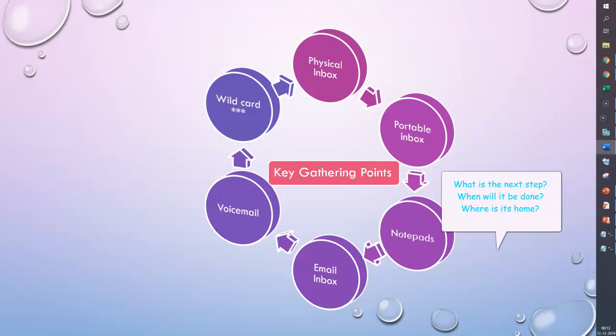It's better to pick up any one item. For this example on the what, when, and where case, let's say you've taken one item from a gathering point. What is the next step? You need to think about it and ask yourself: what's the next step? What is the next step I must take to move this thing towards completion?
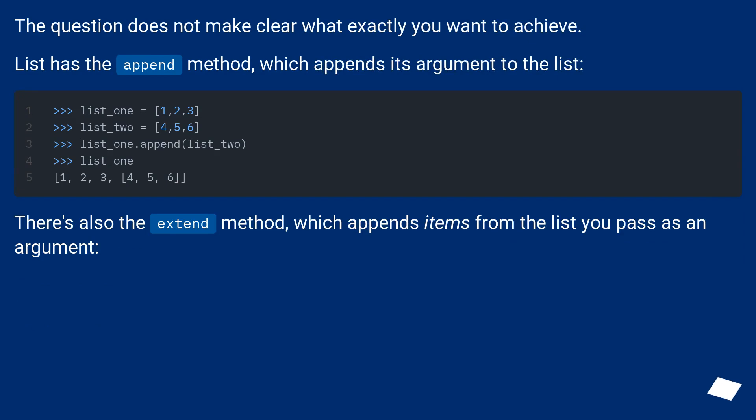The question does not make clear what exactly you want to achieve. List has the append method, which appends its argument to the list.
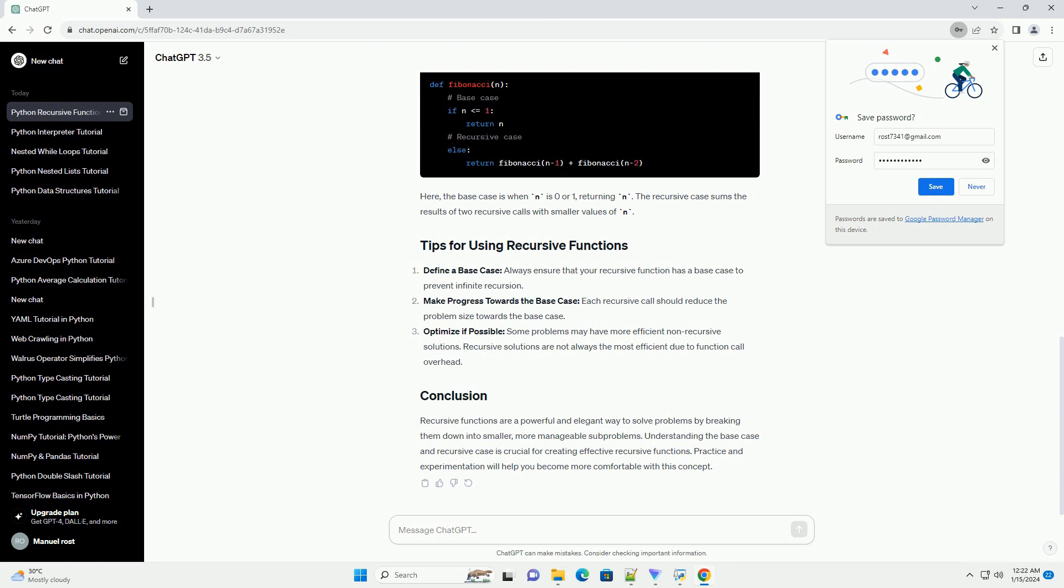Optimize if possible: some problems may have more efficient non-recursive solutions. Recursive solutions are not always the most efficient due to function call overhead.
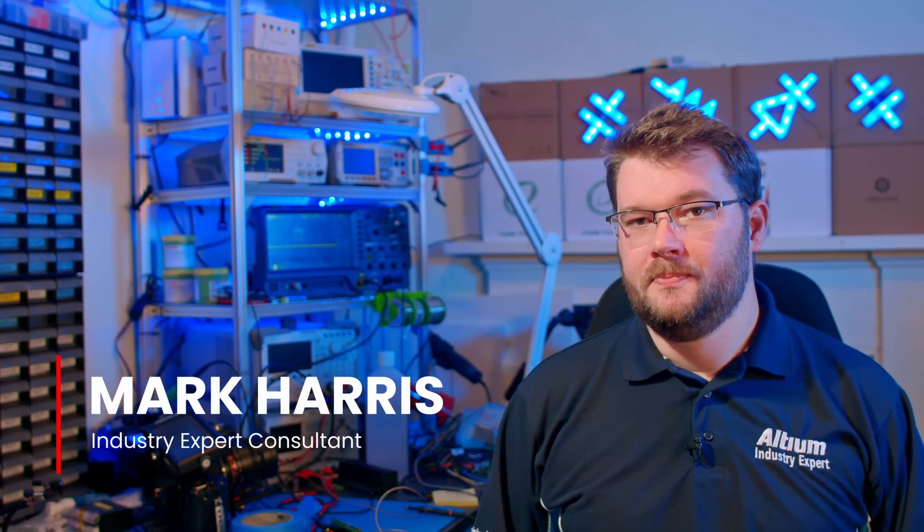I'm Mark Harris, one of Altium's industry expert consultants. Before we dive into the design, what is a differential probe and why do you need one?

☆ ☆ ☆ ☆

▶ _Required work_:
In the answer, give only the lines from the top of the data above through the line with "Optimize if possible: some", reproduced exactly; no picture may appear.

▶ _Answer section_:
It's better to pick up any one item. For this example on the what, when, and where case, let's say you've taken one item from a gathering point. What is the next step? You need to think about it and ask yourself: what's the next step? What is the next step I must take to move this thing towards completion?
The question does not make clear what exactly you want to achieve. List has the append method, which appends its argument to the list.
Optimize if possible: some problems may have more efficient non-recursive solutions. Recursive solutions are not always the most efficient due to function call overhead.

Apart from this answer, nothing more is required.